→ Work instructions:
Output only the lines that run from the line holding "大元泵業(yè)民用泵智能工" to the end of the data below, including both ends, without any pictures.

→ Provided material:
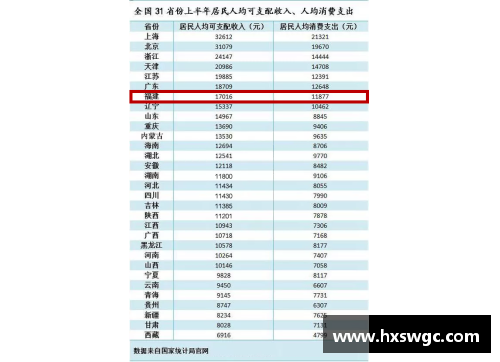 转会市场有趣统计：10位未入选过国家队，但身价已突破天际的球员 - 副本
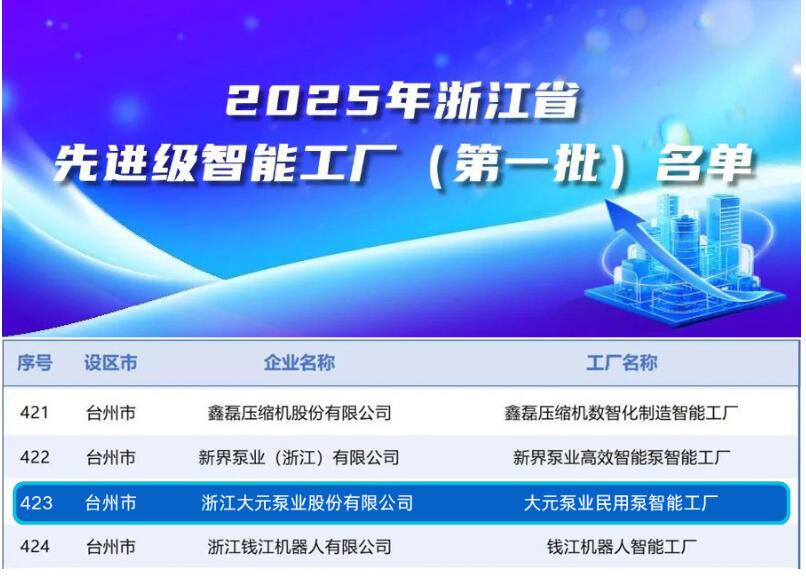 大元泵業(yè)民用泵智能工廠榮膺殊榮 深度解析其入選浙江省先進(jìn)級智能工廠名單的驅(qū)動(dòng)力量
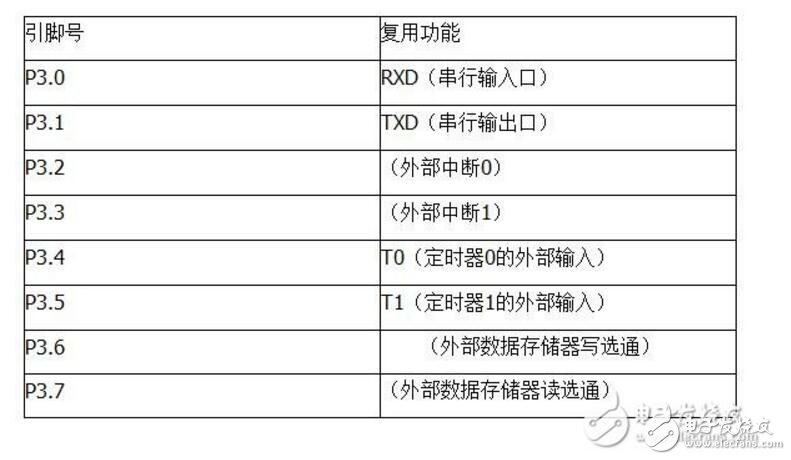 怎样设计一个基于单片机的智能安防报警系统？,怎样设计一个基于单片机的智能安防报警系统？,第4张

→ Response area:
 大元泵業(yè)民用泵智能工廠榮膺殊榮 深度解析其入選浙江省先進(jìn)級智能工廠名單的驅(qū)動(dòng)力量
 怎样设计一个基于单片机的智能安防报警系统？,怎样设计一个基于单片机的智能安防报警系统？,第4张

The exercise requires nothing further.